You can read about Durham all you want — but, until you see it, I don’t think you will get it.
Aisha Lewis, American Underground’s director of corporate partnerships
“I think that leadership has been a big reason (Durham’s startup scene) has been so successful,” Lewis said. “I think that watching the American Underground team accomplish so much with so few people on their staff just by being bold ... is really impressive to me.”
Lewis joins the downtown tech incubator from the San Francisco-based nonprofit CODE2040, an organization that seeks to increase diversity in technology companies and is one of AU’s major partners. CODE2040 sponsors AU’s entrepreneur-in-residence program, which gives black or Latino entrepreneurs $40,000 in seed money.
Lewis is succeeding Jesica Averhart, who left AU in January to lead the nonprofit Leadership Triangle.
The director of corporate partnerships role is a dual one of outreach and making connections, Lewis said — noting the difference between making influential partnerships between large companies and AU-based companies as well as creating events that bring a diverse crowd to the co-working space.

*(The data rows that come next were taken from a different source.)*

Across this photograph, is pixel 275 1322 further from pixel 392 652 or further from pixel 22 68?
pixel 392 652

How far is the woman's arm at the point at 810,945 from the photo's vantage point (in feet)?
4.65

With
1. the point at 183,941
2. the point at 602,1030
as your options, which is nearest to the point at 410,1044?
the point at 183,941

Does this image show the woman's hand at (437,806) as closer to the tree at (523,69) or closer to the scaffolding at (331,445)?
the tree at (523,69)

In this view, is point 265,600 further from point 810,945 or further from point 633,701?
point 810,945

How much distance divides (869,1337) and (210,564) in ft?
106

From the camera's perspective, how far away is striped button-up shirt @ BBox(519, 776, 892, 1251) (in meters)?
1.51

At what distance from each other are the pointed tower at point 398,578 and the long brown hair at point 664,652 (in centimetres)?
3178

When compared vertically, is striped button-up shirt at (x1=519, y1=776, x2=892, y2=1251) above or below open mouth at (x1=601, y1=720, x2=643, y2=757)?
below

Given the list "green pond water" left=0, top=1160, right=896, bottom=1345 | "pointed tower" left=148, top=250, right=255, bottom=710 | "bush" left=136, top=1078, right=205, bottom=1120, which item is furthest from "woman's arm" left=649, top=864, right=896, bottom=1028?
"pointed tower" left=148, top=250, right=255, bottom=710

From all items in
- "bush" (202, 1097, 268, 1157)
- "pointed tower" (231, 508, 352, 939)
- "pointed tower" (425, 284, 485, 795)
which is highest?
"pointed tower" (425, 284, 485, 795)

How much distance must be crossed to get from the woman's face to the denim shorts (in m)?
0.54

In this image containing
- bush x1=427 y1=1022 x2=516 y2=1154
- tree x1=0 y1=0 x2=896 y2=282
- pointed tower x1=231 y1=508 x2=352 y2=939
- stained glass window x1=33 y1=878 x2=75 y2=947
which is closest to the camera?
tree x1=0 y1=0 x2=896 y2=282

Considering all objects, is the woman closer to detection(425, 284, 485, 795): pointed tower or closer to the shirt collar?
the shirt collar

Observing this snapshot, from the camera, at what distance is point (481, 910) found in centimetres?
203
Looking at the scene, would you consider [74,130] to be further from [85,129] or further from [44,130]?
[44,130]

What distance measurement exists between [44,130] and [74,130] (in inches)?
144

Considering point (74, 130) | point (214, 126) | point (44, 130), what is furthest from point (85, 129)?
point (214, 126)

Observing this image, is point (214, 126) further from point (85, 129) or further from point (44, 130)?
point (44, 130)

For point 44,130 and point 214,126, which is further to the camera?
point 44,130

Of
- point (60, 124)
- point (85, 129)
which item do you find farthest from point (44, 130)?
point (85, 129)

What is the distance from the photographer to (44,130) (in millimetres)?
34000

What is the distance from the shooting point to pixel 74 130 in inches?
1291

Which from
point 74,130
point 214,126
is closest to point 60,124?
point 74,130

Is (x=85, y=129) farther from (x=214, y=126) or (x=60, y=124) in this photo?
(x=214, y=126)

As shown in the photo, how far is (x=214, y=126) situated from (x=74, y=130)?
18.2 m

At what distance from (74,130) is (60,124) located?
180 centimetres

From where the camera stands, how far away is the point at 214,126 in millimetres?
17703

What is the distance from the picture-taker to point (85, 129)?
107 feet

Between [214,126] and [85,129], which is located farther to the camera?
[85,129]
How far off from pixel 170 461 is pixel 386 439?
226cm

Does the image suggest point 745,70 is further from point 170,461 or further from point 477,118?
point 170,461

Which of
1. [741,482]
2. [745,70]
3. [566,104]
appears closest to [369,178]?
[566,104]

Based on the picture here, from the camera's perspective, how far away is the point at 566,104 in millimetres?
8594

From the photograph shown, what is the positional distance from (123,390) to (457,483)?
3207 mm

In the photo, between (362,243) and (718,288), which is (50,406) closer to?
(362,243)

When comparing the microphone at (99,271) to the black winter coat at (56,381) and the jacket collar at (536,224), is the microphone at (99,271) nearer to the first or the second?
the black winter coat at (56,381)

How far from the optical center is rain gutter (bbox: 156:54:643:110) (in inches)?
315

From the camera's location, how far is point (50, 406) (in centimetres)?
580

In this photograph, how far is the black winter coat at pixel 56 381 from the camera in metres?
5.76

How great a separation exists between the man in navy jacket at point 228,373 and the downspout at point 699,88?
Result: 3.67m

Under Averhart’s leadership the co-working space connected many North Carolina-based companies, but the one connection that stands out is its relationship with the tech giant Google.

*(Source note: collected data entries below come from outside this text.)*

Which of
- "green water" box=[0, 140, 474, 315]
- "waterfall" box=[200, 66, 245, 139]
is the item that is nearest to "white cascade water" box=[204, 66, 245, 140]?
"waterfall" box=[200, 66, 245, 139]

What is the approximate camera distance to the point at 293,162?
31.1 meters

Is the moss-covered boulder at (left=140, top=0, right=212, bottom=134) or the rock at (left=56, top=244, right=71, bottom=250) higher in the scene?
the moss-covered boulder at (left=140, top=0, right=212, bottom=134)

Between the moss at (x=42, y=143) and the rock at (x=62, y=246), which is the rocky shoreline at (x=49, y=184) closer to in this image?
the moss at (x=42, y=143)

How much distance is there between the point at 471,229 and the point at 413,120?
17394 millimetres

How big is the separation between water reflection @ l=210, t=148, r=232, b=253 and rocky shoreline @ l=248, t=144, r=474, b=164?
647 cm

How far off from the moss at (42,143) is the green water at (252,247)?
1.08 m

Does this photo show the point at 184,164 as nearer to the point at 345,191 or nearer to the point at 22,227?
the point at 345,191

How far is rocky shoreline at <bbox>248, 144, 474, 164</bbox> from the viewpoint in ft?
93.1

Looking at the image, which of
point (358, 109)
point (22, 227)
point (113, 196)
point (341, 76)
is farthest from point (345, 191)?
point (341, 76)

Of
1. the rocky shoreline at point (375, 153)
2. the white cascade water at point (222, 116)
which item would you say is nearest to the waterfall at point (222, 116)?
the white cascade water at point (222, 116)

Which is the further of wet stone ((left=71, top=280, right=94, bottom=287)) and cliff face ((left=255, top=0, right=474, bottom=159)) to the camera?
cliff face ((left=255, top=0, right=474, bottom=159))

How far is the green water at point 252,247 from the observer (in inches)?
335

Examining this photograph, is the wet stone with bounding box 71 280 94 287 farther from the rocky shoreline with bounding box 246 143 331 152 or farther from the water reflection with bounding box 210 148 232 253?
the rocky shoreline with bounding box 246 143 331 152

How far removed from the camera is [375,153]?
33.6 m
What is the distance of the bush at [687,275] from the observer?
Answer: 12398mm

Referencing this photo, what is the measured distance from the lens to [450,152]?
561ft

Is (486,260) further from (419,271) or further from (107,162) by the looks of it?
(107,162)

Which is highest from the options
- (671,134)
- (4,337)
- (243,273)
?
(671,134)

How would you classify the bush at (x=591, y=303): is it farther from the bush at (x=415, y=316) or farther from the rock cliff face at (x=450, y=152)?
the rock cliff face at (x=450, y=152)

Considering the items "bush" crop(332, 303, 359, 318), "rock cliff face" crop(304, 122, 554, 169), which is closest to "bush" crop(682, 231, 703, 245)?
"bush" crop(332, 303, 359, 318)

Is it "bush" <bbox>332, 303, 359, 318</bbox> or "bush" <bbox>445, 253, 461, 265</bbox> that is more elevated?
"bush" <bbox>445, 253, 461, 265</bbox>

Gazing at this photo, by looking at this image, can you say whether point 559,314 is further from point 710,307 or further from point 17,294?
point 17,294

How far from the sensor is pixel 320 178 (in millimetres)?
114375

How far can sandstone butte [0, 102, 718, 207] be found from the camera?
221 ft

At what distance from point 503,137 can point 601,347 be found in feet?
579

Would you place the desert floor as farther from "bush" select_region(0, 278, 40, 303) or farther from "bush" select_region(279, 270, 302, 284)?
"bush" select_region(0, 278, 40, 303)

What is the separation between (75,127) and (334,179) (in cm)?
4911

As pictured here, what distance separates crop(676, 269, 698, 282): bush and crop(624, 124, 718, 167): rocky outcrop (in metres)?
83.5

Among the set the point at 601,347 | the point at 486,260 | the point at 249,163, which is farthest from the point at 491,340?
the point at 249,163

48.2 percent of AU teams were minority and/or female led last year — a 30 percent increase from 2015. Source: American Underground annual report
The search engine company decided to make AU one of 10 “Google for Entrepreneurs” hubs in North America. Last year, Google hosted its first GFE program at AU, which brought in 12 black-founded companies for a week of mentoring and an opportunity to meet investors. The event brought in both Google employees and venture capital investors from across the country.
“If you’re from California, you know North Carolina for its universities and maybe RTP,” Lewis said. That’s why planning for this year’s Google events is priority No. 1 — it brings out-of-state people to the Bull City.
She added there are likely more people like her that need to actually visit Durham to invest in it.
But, Lewis’ role isn’t just about attracting people from out-of-state to Durham.
While at CODE2040, she worked with students of African-American and Latino heritage and helped them land internships at tech companies around San Francisco. She hopes to eventually increase the amount of programming available to those outside of the tech community.
That could mean bringing in elementary- to college-aged students for mentoring or creating workshops for companies that aren’t technology startups.
AU is already in the process of diversifying the types of companies using its space. Among her first projects she’ll help run is the Startup Stampede — a new accelerator program that works specifically with consumer product companies.
But whatever programing AU creates, it will need to include community stakeholders, Lewis added.
“... If they aren’t serving anyone, what is the point?” she said.